In an electrifying display of cutting-edge research, KFSCIS’ Research Symposium left attendees in awe as groundbreaking studies took center stage. Among the myriad of presentations, several posters and presentations stood out, pushing the boundaries of innovative research. Graduate students presented posters and conducted “lightning rounds” highlighting their most recent scientific research. The Symposium showcased innovations in cybersecurity, AI, data science, bioinformatics and health, robotics and underwater vehicles, federated learning, and climate research.

Three KFSCIS Ph.D. students received top honors at the symposium for their work in cybersecurity and AI. The students, Maryna Veksler, Harun Oz, and Mahshad Shariatnasab are Ph.D. students working under the mentorship of Dr. Kemal Akkaya and Dr. Selcuk Uluagac, and Dr. Farhad Shirani respectively.

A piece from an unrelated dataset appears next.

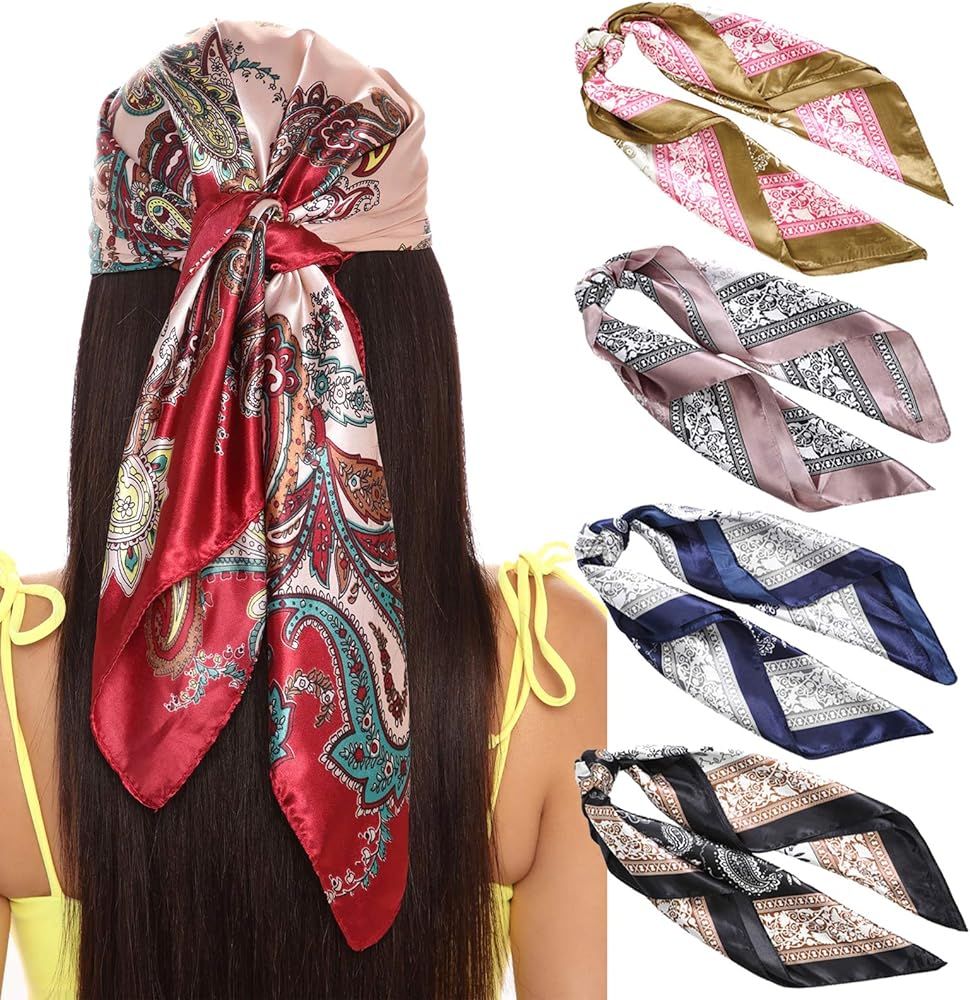 35 Inches Women Head Scarf Hair Bandanas - 4PCS Square Satin Head Scarves for Women Silk Like Hai... | Amazon (US)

Maryna Vekslar presented her work on threat analysis of Generative Adversarial Networks (GAN)-generated drone sensor data against state-of-the-art ML-based threat anomaly detectors. Her poster showcased their groundbreaking work, focusing on a novel GAN architecture designed to generate fake sensor data for accelerometer and gyroscope IMU sensors. In her work, she proposed developing an ensemble of GANs to capture spatial and temporal relationships between the sensors. Scientific results indicate that using an ensemble of GANs allows for a significant increase in the attack success rate against autoencoder and Convolutional Neural Network (CNN) anomaly detectors compared to when the data is generated in isolation using separate GANs. She will continue her work in researching and developing more sophisticated targeted attacks and analyzing security mechanisms to improve sensor anomaly detection.

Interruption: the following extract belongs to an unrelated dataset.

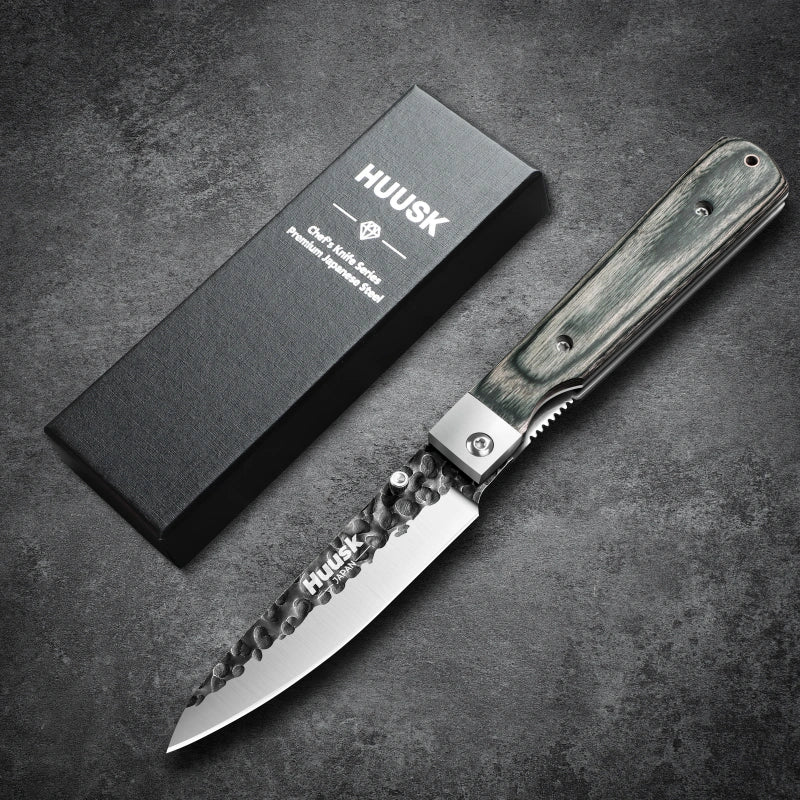 Huusk 3.94-Inch Green Wood Folding Chef Knife product photo 11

Harun Oz introduced research on a newly discovered attack vector, which could potentially increase the risk of ransomware attacks. For the first time in the literature, they extensively studied a browser-based ransomware called RøB. Utilizing the FSA API and WebAssembly technologies, the researchers demonstrated RøB’s ability to encrypt user files directly from the browser, marking a paradigm shift in ransomware’s malicious tactics. The team’s analysis demonstrates that RøB can encrypt the victim’s local files including cloud-integrated directories, external storage devices, and network-shared folders regardless of the access limitations imposed by the API. Existing defense solutions fall short against this new threat. Harun and his team proposed three potential defense solutions to mitigate this new attack vector, which has recently been published in a conference paper at the 32nd USENIX Security Symposium.

The students were recognized for their research work, receiving certificates of recognition at the KFSCIS Annual Awards Celebration.